Construction and educational application of a linguistically grounded dependency treebank for Uyghur

Developing effective educational technologies for low-resource agglutinative languages like Uyghur is often hindered by the mismatch between existing annotation frameworks and specific grammatical structures. To address this challenge, this study introduces the Modern Uyghur Dependency Treebank (MUDT), a linguistically grounded annotation framework specifically designed to capture the agglutinative complexity of Uyghur, including zero copula constructions and fine-grained case marking. Utilizing a hybrid pipeline that combines Large Language Model pre-annotation with rigorous human correction, a high-quality treebank consisting of 3,456 sentences was constructed. Intrinsic structural evaluation reveals that MUDT significantly improves dependency projectivity by reducing the crossing-arc rate from 7.35\% in the Universal Dependencies standard to 0.06\%. Extrinsic parsing experiments using UDPipe and Stanza further demonstrate that models trained on MUDT achieve superior in-domain accuracy and cross-domain generalization compared to UD-based baselines. To validate the practical utility of this computational resource, an AI-assisted grammar tutoring system was developed to translate MUDT-based syntactic analyses into interpretable pedagogical feedback. A controlled experiment involving 35 second-language learners indicated that students receiving syntax-aware feedback achieved significantly higher learning gains compared to those in a control group. These findings establish MUDT as a robust foundation for syntactic analysis and underscore the critical role of linguistically informed natural language processing resources in bridging the gap between computational models and the cognitive needs of second-language learners.
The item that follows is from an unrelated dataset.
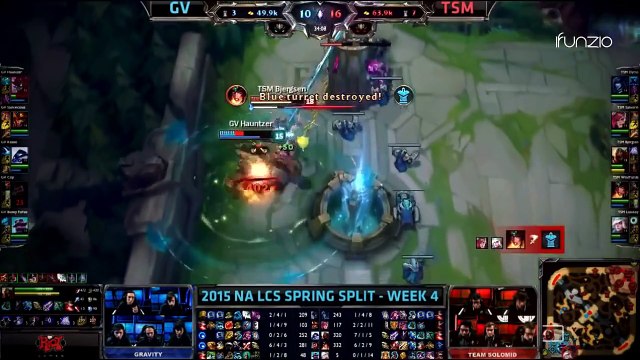 TSM Bjergsen 2015 Montage | (League of Legends)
翻译：为维吾尔语等低资源黏着语开发有效的教育技术，常因现有标注框架与特定语法结构不匹配而受阻。为应对这一挑战，本研究引入了现代维吾尔语依存树库（MUDT），这是一个专门设计的、基于语言学的标注框架，旨在捕捉维吾尔语的黏着复杂性，包括零系词结构和细粒度格标记。通过采用结合大语言模型预标注与严格人工校正的混合流程，构建了一个包含3,456个句子的高质量树库。内在结构评估表明，MUDT显著改善了依存投射性，将交叉弧比率从通用依存标注标准的7.35%降至0.06%。使用UDPipe和Stanza进行的外在解析实验进一步证明，与基于通用依存标注的基线模型相比，在MUDT上训练的模型实现了更优的领域内准确性和跨领域泛化能力。为验证该计算资源的实际效用，开发了一个AI辅助语法辅导系统，将基于MUDT的句法分析转化为可解释的教学反馈。一项涉及35名二语学习者的对照实验表明，接受句法感知反馈的学生相比对照组取得了显著更高的学习收益。这些发现确立了MUDT作为句法分析的坚实基础，并强调了基于语言学的自然语言处理资源在弥合计算模型与二语学习者认知需求之间差距的关键作用。